Why would a brand of plastic bags have a booth at the Green Festival?  Because they have partnered with Recyclebank to reward people who pledge to take back their Ziploc bags to grocery store recycle bins to be recycled.  Notice: Ziploc is not actually taking back the bags.  They are rewarding people who go to the Ziploc page on the Recyclebank website, enter a code from the Ziploc box, and promise to take the bags back to the store.

What happens to plastic bags that are returned to grocery store recycle bins?  Most of them are made into composite lumber for outdoor decking and furniture.  When I asked the rep at the Ziploc booth what they would be recycled into, she said, “Things like park benches.”  So, in other words, Ziploc will continue to use virgin plastic resin to create new bags, and the old ones will be downcycled into products that cannot be further recycled.

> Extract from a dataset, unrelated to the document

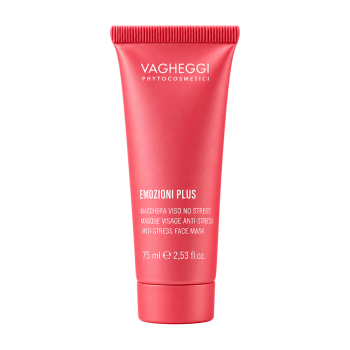 Emozioni Plus Anti-Stress Face Mask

Of course, my knee jerk reaction was to freak out.  Immediately, I took a picture of the booth with my phone and uploaded it to an Eco Women Facebook group I belong to, along with the comment, “Ack! Zip Lock has a booth at the Green Festival!”  (I was so frazzled, I didn’t even spell the name correctly.)  I didn’t think I even needed to explain why this was making me crazy.  I figured that in this group, it would be obvious.  And at first, the comments were what I expected:

“oy”

“ick”

“ugh”

“yuck”

And one member, Jenn Savedge from The Green Parent, wrote, “This is exactly why I stopped going to the Green Festival. I just don’t get how plastic bags can be considered green.”

I figured we would all just agree on this point and that would be the end of it.  But the next comment stopped us in our smug little tracks.  Diane Hoffmaster, who blogs at Turning the Clock Back One Ecofriendly Step At A Time, wrote something surprising:

again, you have to look at it from the average person’s perspective. Buying in bulk and putting in individual ziploc bags that you reuse is more eco friendly than buying individual bags of goldfish. same with using their reusable snack containers. Also, the SCJ company is in the process of building 2 of the largest wind turbines in the US to power their facility. When they are done those turbines will provide 100% of the electrical power used at that location. All ziploc bags are BPA and dioxin free. I would encourage people to consider that MOST people are not as green as this group and even if a ‘traditional’ company isn’t 100% green that doesnt mean they should be stomped on for what they ARE doing to help.

Stephanie Moram from Good Girl Gone Green disagreed:

I am sorry but plastic is not environmentally friendly and has no business at a green festival. No kidding the average person is not as green as this group. But if the average person keeps thinking these companies are green they wont change.

Okay, but if plastic has no business at a Green Festival — a sentiment I heartily agree with — then why are there so many food products in plastic packaging being sold there?  Why pick on Ziploc when all the food companies are doing it?  Lisa Nelsen-Woods from Condo Blues made a great point:

Hi my name is Lisa and I use Ziplock bags in my freezer because it is small. I wash and reuse them because my Husband insists we have them since the day I moved in with him. They allow us to do green things like buy in bulk and reduce waste. We had the same box for a couple of years because we use containers more often but it would be a lie to say they aren’t a tool in our low waste high cooking from scratch arsenal.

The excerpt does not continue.